1984: Power Financial Corporation is formed as a subsidiary.
1989: Company sells its shares in Consolidated-Bathurst and Montreal Trust.
1997: Power Corporation acquires London Insurance Group for C$3 billion.
1999: Power Broadcasting's Canadian radio and television assets are sold.
Company History:
Power Corporation of Canada controls a variety of companies involved in finance, insurance, and communications. Through subsidiary Power Financial Corporation, the company controls the largest mutual funds company in Canada, Investors Group, and the largest life insurance company in Canada, Great-West Lifeco. The other primary operating subsidiaries include Pargesa Holding, which owns substantial investments in a variety of industries in Europe, and Gesca Ltée, the publisher of Montreal's La Presse and three other daily newspapers.

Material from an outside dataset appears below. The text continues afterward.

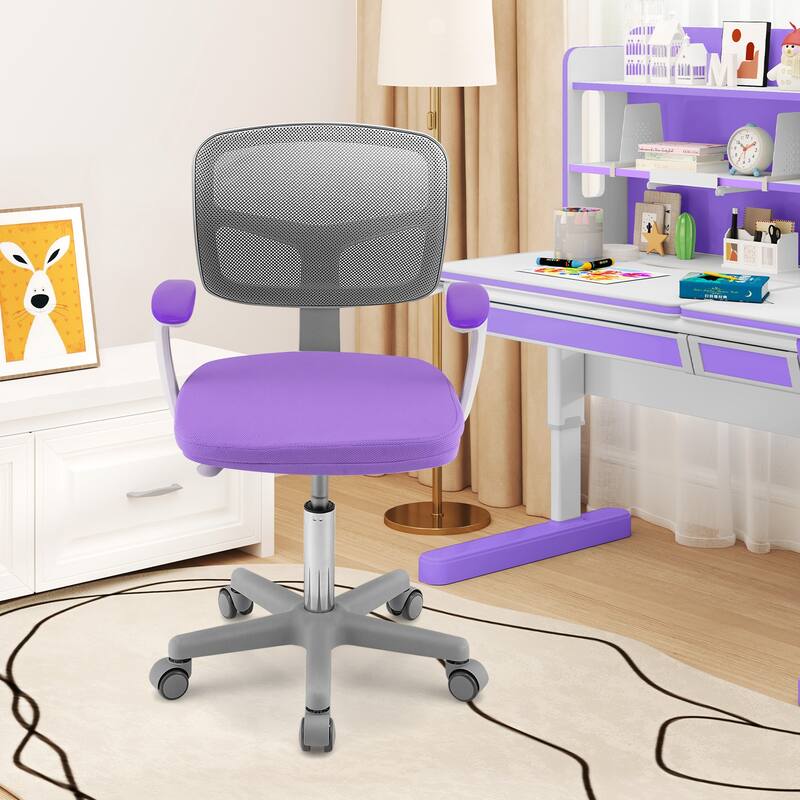 Kids Ergonomic Adjustable Height Study Chair with Swivel Seat and Mesh Backrest and Armrests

Origins and History of Great-West: 1890s to Mid-1980s
In the early 1890s, Winnipeg was a frontier town of lumbermen and plains traders. As a stop on the slowly growing Canadian Pacific Railway, it was a promising growth point in the western province of Manitoba. The difficulty of transportation combined with drought created hard economic times for the region during the decade, however. An optimistic local businessman, Jeffry Hall Brock, recognized that capital was needed to invest in local farm and retail development. His vision was to collect western Canadians' savings via insurance sales, thereby offering them security and protection, while simultaneously financing development through the proceeds. At this time, only nine of the 40 insurance companies in Canada were Canadian. Not one of these companies was based in western Canada.
The Great-West Life Assurance Company was incorporated in 1891 with a name that reflected the company's regional pride; the hyphen was a typesetter's error. In the first year, 834 life insurance policies were sold, representing more than $2 million worth of protection, by a sales force of three that included Brock. The bold enterprise attracted the involvement of the area's outstanding businessmen, and early shareholders included bakers, farmers, a harnessmaker, and the sheriff. Support came from bustling Toronto as well as from many local rural communities. The mayor of Winnipeg, Alexander Macdonald, became Great-West's first president in 1892. Brock was made managing director.

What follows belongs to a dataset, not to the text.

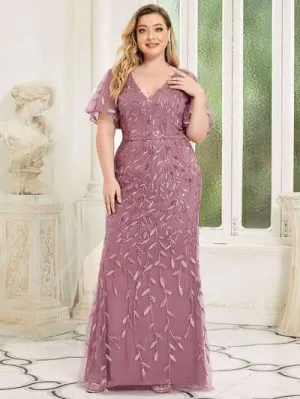 Eliza plus size event dress in dusky rose s24 Express NZ wide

The company issued its premier manual in 1892, offering six insurance plans. The first claim was received that same year. By the end of 1893, Great-West--competing with five- to 50-year-old companies across Canada--ranked eighth highest in profitability. At this point, the self-confident young company made the remarkable decision to enter the eastern Canadian markets. Its well-established competitors were situated in the East, as were the country's banking, financial, and manufacturing institutions. The West had essentially one industry: agriculture. In Great-West's first three years, it had achieved the financial backing and business volume that had taken other companies up to 15 years to reach.

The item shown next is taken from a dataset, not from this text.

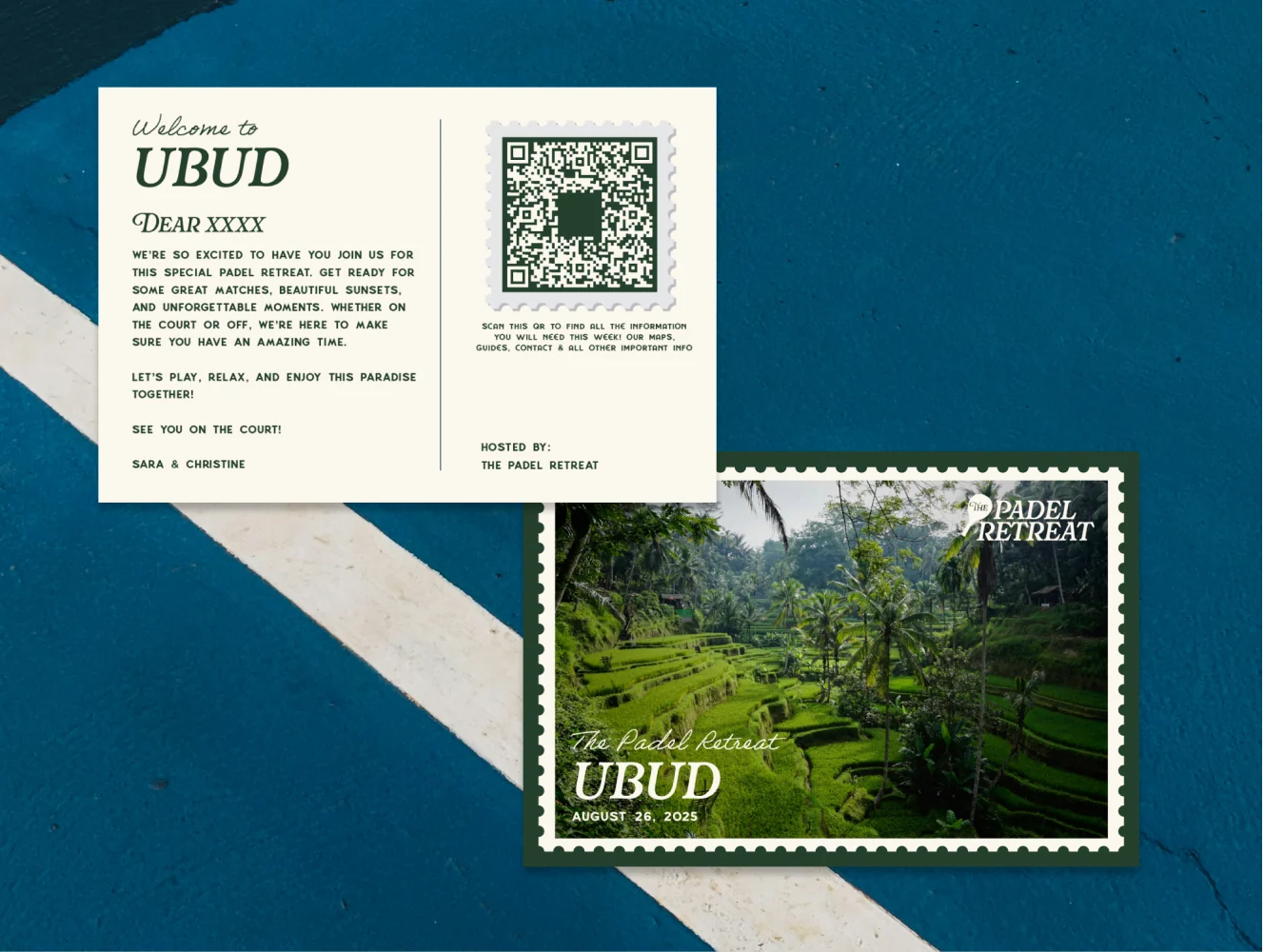 The Padel Retreat postcards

Great-West's prosperity continued during the next two decades. By the turn of the century, the company was represented in every province and was the country's fastest growing life insurer. As the economy improved when the region's depression lifted, the service industry benefited. In 1896 Great-West gained the largest percentage of new business written, out of 21 Canadian life insurance companies, to make it only $80,000 behind the industry leader in aggregate gain of policies in force. The first shareholder dividends were paid in 1901, and dividends were paid every year since.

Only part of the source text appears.